### [Work request]
The whole listing below must be repeated exactly.

### [Data for processing]
• • •

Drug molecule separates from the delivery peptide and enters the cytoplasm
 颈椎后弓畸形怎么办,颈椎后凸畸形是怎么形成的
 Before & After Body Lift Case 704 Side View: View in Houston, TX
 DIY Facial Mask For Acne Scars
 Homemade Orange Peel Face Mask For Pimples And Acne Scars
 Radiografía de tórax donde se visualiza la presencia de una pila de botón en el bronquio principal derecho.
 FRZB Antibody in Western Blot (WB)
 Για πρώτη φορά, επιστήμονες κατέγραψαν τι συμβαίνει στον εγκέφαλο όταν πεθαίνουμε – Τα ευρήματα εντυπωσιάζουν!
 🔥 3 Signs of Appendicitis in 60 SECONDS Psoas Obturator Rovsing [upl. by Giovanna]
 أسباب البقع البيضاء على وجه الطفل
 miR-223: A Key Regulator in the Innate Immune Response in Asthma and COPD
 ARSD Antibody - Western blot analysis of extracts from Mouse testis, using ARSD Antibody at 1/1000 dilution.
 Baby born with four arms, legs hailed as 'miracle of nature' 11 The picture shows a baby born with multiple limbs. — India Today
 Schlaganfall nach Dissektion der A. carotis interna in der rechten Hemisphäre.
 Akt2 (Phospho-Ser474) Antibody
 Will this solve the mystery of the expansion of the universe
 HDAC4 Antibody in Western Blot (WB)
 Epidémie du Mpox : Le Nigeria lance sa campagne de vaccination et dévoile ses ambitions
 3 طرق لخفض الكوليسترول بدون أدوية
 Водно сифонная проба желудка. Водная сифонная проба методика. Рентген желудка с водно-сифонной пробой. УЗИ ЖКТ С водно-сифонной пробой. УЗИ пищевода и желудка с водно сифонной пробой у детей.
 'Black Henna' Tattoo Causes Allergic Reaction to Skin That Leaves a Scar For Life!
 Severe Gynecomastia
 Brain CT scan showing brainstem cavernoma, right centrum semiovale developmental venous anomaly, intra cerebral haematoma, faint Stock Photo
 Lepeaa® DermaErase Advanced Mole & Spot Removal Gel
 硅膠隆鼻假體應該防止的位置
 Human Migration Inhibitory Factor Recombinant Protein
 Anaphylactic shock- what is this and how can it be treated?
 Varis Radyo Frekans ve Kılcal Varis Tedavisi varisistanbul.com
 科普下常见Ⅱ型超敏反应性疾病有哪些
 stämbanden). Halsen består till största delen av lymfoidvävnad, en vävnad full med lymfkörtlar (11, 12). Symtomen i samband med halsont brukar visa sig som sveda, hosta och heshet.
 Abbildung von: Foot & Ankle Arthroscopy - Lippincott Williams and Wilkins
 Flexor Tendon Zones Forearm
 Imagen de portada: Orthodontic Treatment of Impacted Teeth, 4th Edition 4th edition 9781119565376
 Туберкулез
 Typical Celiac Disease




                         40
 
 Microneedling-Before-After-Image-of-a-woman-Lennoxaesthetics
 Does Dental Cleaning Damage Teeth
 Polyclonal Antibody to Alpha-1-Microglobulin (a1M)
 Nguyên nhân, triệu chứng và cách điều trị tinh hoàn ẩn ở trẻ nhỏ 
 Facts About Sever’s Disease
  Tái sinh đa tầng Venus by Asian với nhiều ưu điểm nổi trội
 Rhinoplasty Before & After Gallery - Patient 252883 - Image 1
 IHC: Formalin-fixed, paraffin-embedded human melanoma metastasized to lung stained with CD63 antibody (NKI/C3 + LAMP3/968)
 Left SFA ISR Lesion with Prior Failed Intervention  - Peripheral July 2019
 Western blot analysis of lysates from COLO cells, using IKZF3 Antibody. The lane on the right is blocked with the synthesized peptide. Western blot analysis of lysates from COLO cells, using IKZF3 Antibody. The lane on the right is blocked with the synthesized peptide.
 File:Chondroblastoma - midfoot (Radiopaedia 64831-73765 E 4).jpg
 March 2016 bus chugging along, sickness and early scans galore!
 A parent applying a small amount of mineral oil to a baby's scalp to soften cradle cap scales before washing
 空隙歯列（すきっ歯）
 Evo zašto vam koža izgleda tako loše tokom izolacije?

• • •

### [Expected output]
Drug molecule separates from the delivery peptide and enters the cytoplasm
 颈椎后弓畸形怎么办,颈椎后凸畸形是怎么形成的
 Before & After Body Lift Case 704 Side View: View in Houston, TX
 DIY Facial Mask For Acne Scars
 Homemade Orange Peel Face Mask For Pimples And Acne Scars
 Radiografía de tórax donde se visualiza la presencia de una pila de botón en el bronquio principal derecho.
 FRZB Antibody in Western Blot (WB)
 Για πρώτη φορά, επιστήμονες κατέγραψαν τι συμβαίνει στον εγκέφαλο όταν πεθαίνουμε – Τα ευρήματα εντυπωσιάζουν!
 🔥 3 Signs of Appendicitis in 60 SECONDS Psoas Obturator Rovsing [upl. by Giovanna]
 أسباب البقع البيضاء على وجه الطفل
 miR-223: A Key Regulator in the Innate Immune Response in Asthma and COPD
 ARSD Antibody - Western blot analysis of extracts from Mouse testis, using ARSD Antibody at 1/1000 dilution.
 Baby born with four arms, legs hailed as 'miracle of nature' 11 The picture shows a baby born with multiple limbs. — India Today
 Schlaganfall nach Dissektion der A. carotis interna in der rechten Hemisphäre.
 Akt2 (Phospho-Ser474) Antibody
 Will this solve the mystery of the expansion of the universe
 HDAC4 Antibody in Western Blot (WB)
 Epidémie du Mpox : Le Nigeria lance sa campagne de vaccination et dévoile ses ambitions
 3 طرق لخفض الكوليسترول بدون أدوية
 Водно сифонная проба желудка. Водная сифонная проба методика. Рентген желудка с водно-сифонной пробой. УЗИ ЖКТ С водно-сифонной пробой. УЗИ пищевода и желудка с водно сифонной пробой у детей.
 'Black Henna' Tattoo Causes Allergic Reaction to Skin That Leaves a Scar For Life!
 Severe Gynecomastia
 Brain CT scan showing brainstem cavernoma, right centrum semiovale developmental venous anomaly, intra cerebral haematoma, faint Stock Photo
 Lepeaa® DermaErase Advanced Mole & Spot Removal Gel
 硅膠隆鼻假體應該防止的位置
 Human Migration Inhibitory Factor Recombinant Protein
 Anaphylactic shock- what is this and how can it be treated?
 Varis Radyo Frekans ve Kılcal Varis Tedavisi varisistanbul.com
 科普下常见Ⅱ型超敏反应性疾病有哪些
 stämbanden). Halsen består till största delen av lymfoidvävnad, en vävnad full med lymfkörtlar (11, 12). Symtomen i samband med halsont brukar visa sig som sveda, hosta och heshet.
 Abbildung von: Foot & Ankle Arthroscopy - Lippincott Williams and Wilkins
 Flexor Tendon Zones Forearm
 Imagen de portada: Orthodontic Treatment of Impacted Teeth, 4th Edition 4th edition 9781119565376
 Туберкулез
 Typical Celiac Disease




                         40
 
 Microneedling-Before-After-Image-of-a-woman-Lennoxaesthetics
 Does Dental Cleaning Damage Teeth
 Polyclonal Antibody to Alpha-1-Microglobulin (a1M)
 Nguyên nhân, triệu chứng và cách điều trị tinh hoàn ẩn ở trẻ nhỏ 
 Facts About Sever’s Disease
  Tái sinh đa tầng Venus by Asian với nhiều ưu điểm nổi trội
 Rhinoplasty Before & After Gallery - Patient 252883 - Image 1
 IHC: Formalin-fixed, paraffin-embedded human melanoma metastasized to lung stained with CD63 antibody (NKI/C3 + LAMP3/968)
 Left SFA ISR Lesion with Prior Failed Intervention  - Peripheral July 2019
 Western blot analysis of lysates from COLO cells, using IKZF3 Antibody. The lane on the right is blocked with the synthesized peptide. Western blot analysis of lysates from COLO cells, using IKZF3 Antibody. The lane on the right is blocked with the synthesized peptide.
 File:Chondroblastoma - midfoot (Radiopaedia 64831-73765 E 4).jpg
 March 2016 bus chugging along, sickness and early scans galore!
 A parent applying a small amount of mineral oil to a baby's scalp to soften cradle cap scales before washing
 空隙歯列（すきっ歯）
 Evo zašto vam koža izgleda tako loše tokom izolacije?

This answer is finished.